Work to be completed = Which of the lines below hold the word "Girls"? Pull each of them out.

Data records =
*** Begin section ***

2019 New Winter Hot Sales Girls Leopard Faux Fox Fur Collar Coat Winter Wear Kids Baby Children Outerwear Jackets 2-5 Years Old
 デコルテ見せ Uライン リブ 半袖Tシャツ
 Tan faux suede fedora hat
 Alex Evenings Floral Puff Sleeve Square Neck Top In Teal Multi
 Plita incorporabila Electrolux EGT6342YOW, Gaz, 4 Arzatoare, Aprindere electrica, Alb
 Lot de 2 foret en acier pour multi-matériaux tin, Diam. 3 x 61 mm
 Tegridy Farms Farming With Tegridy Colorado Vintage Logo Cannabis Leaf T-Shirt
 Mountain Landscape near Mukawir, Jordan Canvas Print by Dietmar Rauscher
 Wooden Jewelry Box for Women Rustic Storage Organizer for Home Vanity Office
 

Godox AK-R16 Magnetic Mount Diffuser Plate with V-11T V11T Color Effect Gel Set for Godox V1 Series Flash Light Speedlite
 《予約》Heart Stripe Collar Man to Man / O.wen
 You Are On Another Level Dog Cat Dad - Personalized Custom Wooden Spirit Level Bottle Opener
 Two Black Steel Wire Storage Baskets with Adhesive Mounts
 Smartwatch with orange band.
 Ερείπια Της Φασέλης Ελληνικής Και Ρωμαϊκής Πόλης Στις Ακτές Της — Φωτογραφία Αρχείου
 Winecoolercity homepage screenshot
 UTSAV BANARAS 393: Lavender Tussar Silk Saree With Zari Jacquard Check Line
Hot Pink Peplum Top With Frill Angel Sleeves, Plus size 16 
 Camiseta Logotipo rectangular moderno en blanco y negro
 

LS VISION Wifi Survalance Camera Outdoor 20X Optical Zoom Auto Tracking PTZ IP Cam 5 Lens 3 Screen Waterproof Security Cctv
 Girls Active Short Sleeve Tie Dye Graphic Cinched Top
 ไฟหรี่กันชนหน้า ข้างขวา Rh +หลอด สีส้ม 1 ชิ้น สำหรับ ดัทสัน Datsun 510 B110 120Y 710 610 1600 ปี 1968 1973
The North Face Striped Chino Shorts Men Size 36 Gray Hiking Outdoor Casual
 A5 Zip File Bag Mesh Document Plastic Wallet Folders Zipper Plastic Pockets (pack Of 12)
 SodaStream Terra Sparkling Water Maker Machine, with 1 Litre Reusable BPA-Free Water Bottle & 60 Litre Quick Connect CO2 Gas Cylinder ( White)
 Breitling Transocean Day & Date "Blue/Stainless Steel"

*** End section ***

Expected answer =
2019 New Winter Hot Sales Girls Leopard Faux Fox Fur Collar Coat Winter Wear Kids Baby Children Outerwear Jackets 2-5 Years Old
 Girls Active Short Sleeve Tie Dye Graphic Cinched Top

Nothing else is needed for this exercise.